Collected data:
== == ==

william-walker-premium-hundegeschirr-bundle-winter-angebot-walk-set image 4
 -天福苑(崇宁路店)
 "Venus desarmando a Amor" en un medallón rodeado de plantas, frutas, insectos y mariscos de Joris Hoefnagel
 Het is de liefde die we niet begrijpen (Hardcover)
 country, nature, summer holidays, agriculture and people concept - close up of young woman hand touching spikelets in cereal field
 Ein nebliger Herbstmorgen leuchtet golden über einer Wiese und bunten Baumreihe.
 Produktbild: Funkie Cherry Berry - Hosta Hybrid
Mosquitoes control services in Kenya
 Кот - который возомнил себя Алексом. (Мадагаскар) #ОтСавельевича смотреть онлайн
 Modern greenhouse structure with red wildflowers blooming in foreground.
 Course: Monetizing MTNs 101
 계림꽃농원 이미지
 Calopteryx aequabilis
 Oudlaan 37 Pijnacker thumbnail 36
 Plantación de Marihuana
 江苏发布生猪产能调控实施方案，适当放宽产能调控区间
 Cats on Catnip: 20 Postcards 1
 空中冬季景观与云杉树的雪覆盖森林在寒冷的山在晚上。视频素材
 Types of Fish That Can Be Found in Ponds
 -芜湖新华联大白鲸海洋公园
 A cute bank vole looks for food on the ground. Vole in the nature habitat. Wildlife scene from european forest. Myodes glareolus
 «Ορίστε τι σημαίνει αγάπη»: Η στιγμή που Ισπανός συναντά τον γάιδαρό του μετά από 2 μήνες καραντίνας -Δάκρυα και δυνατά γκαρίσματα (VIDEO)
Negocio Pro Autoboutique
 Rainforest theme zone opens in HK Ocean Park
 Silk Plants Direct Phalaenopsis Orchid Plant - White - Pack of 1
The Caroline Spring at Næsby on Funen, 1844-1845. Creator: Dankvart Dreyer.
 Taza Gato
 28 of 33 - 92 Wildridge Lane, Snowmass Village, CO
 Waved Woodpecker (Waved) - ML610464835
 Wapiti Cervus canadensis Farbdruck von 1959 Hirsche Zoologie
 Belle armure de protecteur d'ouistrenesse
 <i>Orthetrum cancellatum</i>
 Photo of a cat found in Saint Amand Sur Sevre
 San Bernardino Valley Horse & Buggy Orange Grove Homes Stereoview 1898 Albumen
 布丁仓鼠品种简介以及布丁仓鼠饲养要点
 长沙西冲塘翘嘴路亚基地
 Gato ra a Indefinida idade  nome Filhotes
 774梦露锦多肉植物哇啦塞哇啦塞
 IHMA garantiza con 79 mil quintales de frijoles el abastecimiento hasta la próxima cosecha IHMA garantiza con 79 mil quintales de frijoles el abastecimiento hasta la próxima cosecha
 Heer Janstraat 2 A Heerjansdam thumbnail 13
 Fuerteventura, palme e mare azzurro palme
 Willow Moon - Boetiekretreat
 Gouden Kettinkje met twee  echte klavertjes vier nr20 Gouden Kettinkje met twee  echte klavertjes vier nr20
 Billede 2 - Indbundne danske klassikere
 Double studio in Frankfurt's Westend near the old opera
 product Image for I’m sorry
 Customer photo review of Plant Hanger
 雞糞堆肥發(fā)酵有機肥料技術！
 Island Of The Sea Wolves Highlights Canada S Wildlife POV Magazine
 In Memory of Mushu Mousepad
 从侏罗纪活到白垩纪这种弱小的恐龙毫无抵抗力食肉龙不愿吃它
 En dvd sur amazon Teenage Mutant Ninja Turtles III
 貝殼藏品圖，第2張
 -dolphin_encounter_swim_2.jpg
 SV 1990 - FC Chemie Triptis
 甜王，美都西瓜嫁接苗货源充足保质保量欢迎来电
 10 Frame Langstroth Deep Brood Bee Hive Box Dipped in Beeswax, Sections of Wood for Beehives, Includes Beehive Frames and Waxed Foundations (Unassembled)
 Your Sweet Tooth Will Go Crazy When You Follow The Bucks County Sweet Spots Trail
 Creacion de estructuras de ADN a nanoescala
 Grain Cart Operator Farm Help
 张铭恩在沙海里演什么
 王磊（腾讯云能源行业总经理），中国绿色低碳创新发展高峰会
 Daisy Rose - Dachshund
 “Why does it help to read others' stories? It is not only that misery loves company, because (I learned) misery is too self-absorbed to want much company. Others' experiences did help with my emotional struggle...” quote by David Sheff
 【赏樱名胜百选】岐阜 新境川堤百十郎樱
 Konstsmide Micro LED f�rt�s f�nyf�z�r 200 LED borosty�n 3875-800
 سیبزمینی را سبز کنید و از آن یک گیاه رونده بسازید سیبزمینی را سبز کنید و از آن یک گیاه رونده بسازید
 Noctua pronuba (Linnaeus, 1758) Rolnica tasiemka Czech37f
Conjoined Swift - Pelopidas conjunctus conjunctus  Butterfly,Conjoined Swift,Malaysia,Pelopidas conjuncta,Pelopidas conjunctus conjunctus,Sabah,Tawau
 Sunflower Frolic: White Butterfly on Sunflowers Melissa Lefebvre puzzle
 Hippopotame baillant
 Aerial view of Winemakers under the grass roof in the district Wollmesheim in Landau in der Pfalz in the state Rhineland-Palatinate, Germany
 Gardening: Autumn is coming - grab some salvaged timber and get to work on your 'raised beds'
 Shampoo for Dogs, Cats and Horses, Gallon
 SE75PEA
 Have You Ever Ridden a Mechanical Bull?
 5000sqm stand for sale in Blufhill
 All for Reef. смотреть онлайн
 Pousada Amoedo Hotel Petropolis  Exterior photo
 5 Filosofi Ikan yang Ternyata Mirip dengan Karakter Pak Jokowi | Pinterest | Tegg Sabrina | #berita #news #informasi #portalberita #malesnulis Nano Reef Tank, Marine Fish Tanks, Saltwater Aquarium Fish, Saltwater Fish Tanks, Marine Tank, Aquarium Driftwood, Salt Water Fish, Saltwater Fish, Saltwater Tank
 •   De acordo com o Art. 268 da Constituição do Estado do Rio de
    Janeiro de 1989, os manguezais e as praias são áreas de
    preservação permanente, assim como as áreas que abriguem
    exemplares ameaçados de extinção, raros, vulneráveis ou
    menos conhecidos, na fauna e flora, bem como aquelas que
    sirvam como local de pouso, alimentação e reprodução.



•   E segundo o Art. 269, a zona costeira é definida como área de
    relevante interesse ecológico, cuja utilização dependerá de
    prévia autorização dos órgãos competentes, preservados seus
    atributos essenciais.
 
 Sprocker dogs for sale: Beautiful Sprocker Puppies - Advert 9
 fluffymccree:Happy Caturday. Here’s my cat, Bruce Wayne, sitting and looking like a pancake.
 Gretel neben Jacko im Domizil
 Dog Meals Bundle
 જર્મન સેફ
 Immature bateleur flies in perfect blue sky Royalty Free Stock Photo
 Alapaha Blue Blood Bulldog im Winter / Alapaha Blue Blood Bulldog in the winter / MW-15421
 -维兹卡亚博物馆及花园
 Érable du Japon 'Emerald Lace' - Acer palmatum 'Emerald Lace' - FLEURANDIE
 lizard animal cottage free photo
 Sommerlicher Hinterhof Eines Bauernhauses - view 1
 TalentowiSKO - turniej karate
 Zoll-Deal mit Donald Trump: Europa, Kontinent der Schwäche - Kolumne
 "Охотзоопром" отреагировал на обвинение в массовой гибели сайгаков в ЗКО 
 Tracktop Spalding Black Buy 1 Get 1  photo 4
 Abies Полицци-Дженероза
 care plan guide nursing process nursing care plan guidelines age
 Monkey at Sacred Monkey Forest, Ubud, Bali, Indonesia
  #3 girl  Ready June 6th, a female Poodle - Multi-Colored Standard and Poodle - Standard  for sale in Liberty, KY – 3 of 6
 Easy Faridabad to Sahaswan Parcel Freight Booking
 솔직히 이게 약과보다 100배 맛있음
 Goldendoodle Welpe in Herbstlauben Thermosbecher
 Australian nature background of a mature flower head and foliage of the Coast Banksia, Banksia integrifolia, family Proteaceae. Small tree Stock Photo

== == ==

▸ What this task involves
Wherever the string "Fish" appears in the records above, copy the line it sits in.

▸ Answer for this exercise
 Types of Fish That Can Be Found in Ponds
 5 Filosofi Ikan yang Ternyata Mirip dengan Karakter Pak Jokowi | Pinterest | Tegg Sabrina | #berita #news #informasi #portalberita #malesnulis Nano Reef Tank, Marine Fish Tanks, Saltwater Aquarium Fish, Saltwater Fish Tanks, Marine Tank, Aquarium Driftwood, Salt Water Fish, Saltwater Fish, Saltwater Tank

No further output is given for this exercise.